Biol. Res. vol.45 no.1 Santiago  2012 

Biol Res 45: 61-65, 2012



Reinstatement of short-latency responses after asymptotic Pavlovian conditioning training by the presentation of an extraneous stimulus


Edgar H. Vogel*

Universidad de Talca, Talca, Chile and Yale University, New Haven, CT, USA.


The purpose of this study was to examine whether the progressive disappearance of short-latency conditioned responses, or inhibition of delay, observed in Pavlovian conditioning with long inter-stimulus intervals, could be reverted by the presentation of a novel stimulus. In one experiment, two groups of rabbits received extensive training with a short (250 ms) or a long (1500 ms) tone that overlapped and terminated with a periorbital shock unconditioned stimulus. After training, the presentation of an extraneous stimulus prior to tone onset produced a reinstatement of short latency CRs in the group trained with the long CS, but did not affect CR latency in the group trained with the short CS.

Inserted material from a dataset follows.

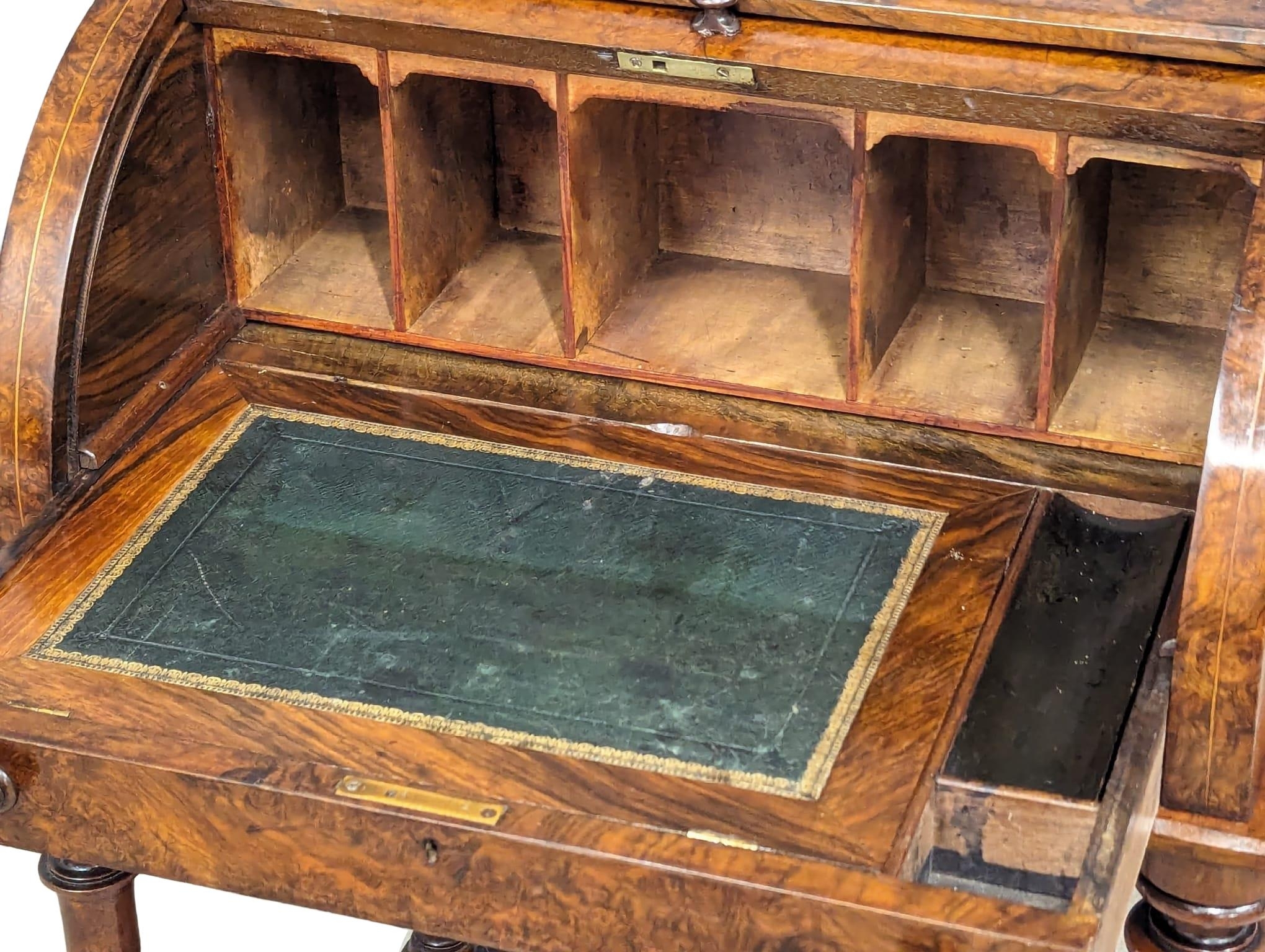 A 19th Century Victorian inlaid Burr Walnut cylinder writing desk. 58.5x44.5x91cm - Bild 7 aus 10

This finding is consistent with Pavlov's (1927) view that conditioning with long conditioned stimuli involves the acquisition of response tendencies in the early portion of the stimulus that are subsequently suppressed by the development of an inhibitory process.

Key words: Inhibition of delay, conditioning, temporal discrimination, eyeblink conditioning, timing


Inhibition of delay is an empirical fact of Pavlovian conditioning that consists of an increase in the latency of the conditioned response (CR) over training. The first systematic observations of this phenomenon date back to 1927 in Pavlov's studies of salivary conditioning in dogs. He noticed that over the course of training with a long conditioned stimulus (CS) that precedes the unconditioned stimulus (US, typically food) there was a gradual reduction in the amount of saliva elicited during the early portion of the CS, and an increase in the amount of saliva elicited during the latter portion of the CS. Since the responses that originally occurred in the early portion of the CS seemed to be "inhibited" as training progressed, he proposed the term "inhibition of delay" (Pavlov, 1927).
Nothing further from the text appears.